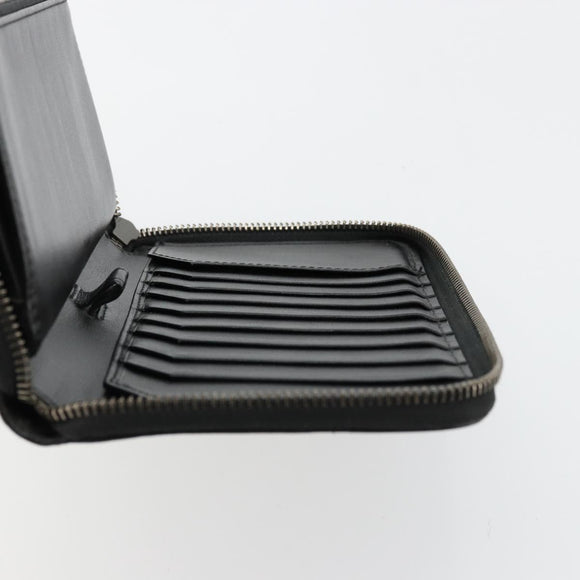 BURBERRY Long Wallet Leather Black Auth bs35104
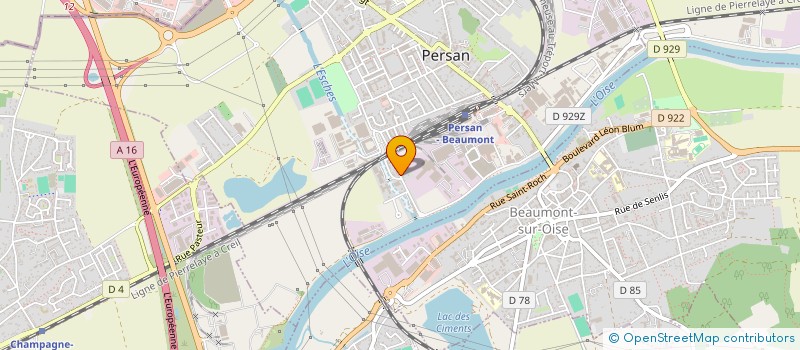 localisation de l'entreprise ERC GROUPE  GROSLAY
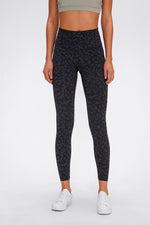 Millennia Wide Seamless Band Waist Sports Leggings - Ladyez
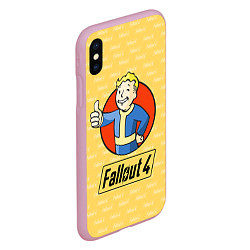 Чехол iPhone XS Max матовый Fallout 4: Pip-Boy, цвет: 3D-розовый — фото 2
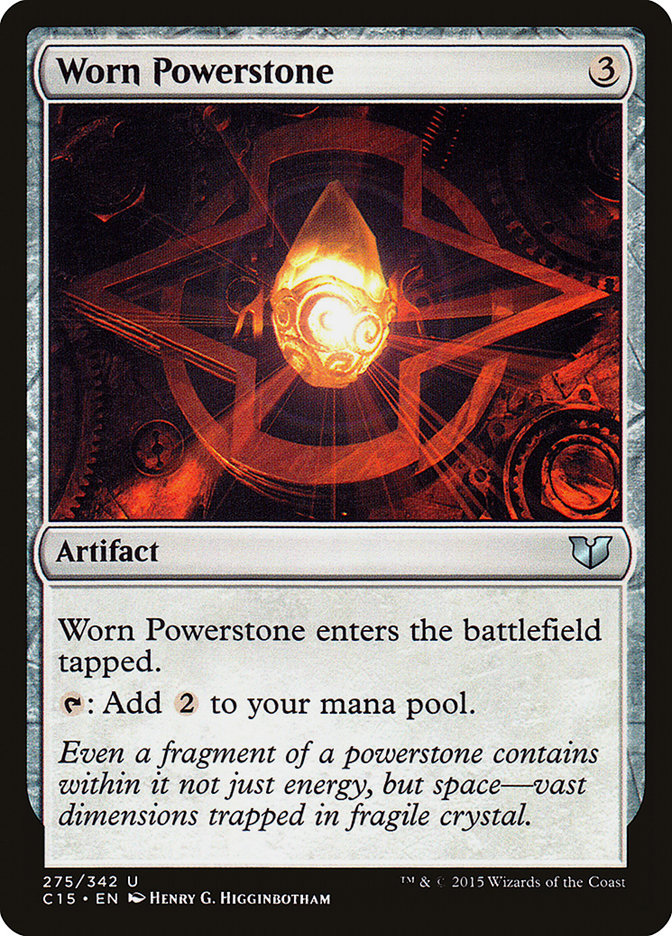 Worn Powerstone [Commander 2015] | Golgari Games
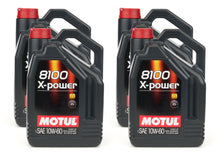 Load image into Gallery viewer, MOTUL USA 114867-4 MOTUL USA 114867-4 8100 X-Power 10W-60 Synthetic Motor Oil, Case of 4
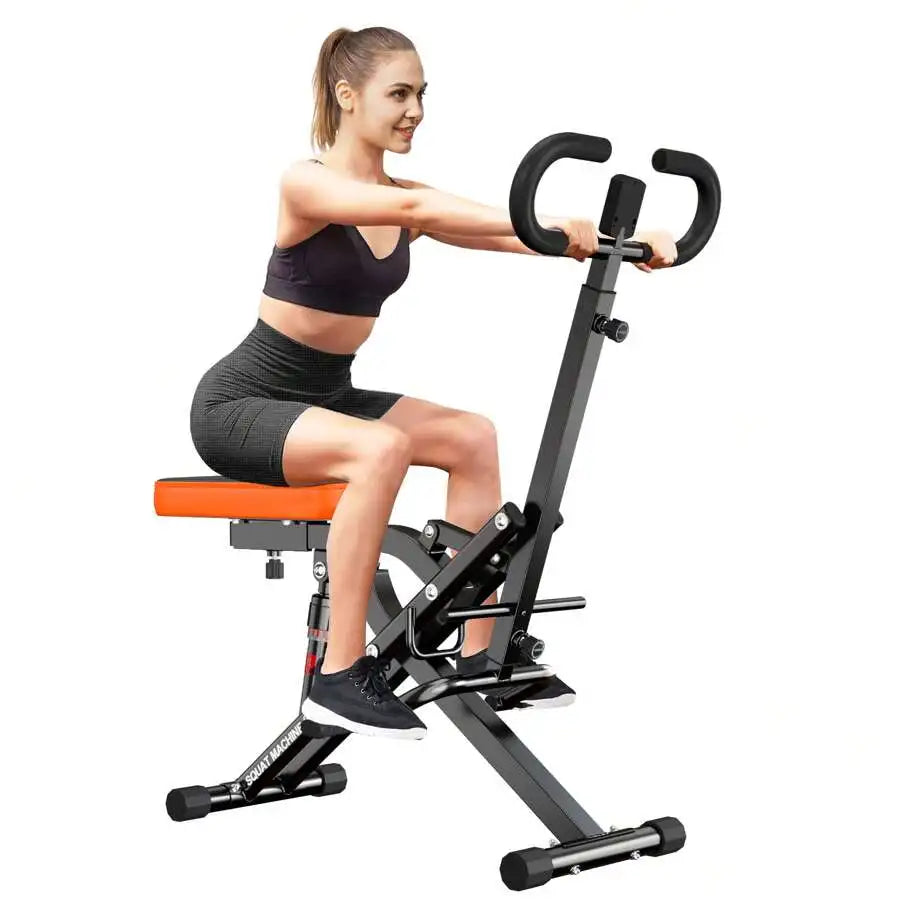 Squat Assist Trainer For Hip And Leg Exercises, 5-Position Adjustable Seat Cushion, Upgraded Version Enhanced Resistance,Squat Exercise Equipment For Home Gym Fitness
※
◆ GOAL OF THE EXERCISE ◆
The range to transcribe runs from the line holding "localisation de l'entreprise" through the final line of the data above; copy it exactly and exclude the pictures.

◆ RESPONSE ◆
 localisation de l'entreprise ERC GROUPE  GROSLAY
 Millennia Wide Seamless Band Waist Sports Leggings - Ladyez
 Чехол iPhone XS Max матовый Fallout 4: Pip-Boy, цвет: 3D-розовый — фото 2
 Worn Powerstone [Commander 2015] | Golgari Games
 Load image into Gallery viewer, MOTUL USA 114867-4 MOTUL USA 114867-4 8100 X-Power 10W-60 Synthetic Motor Oil, Case of 4
 Squat Assist Trainer For Hip And Leg Exercises, 5-Position Adjustable Seat Cushion, Upgraded Version Enhanced Resistance,Squat Exercise Equipment For Home Gym Fitness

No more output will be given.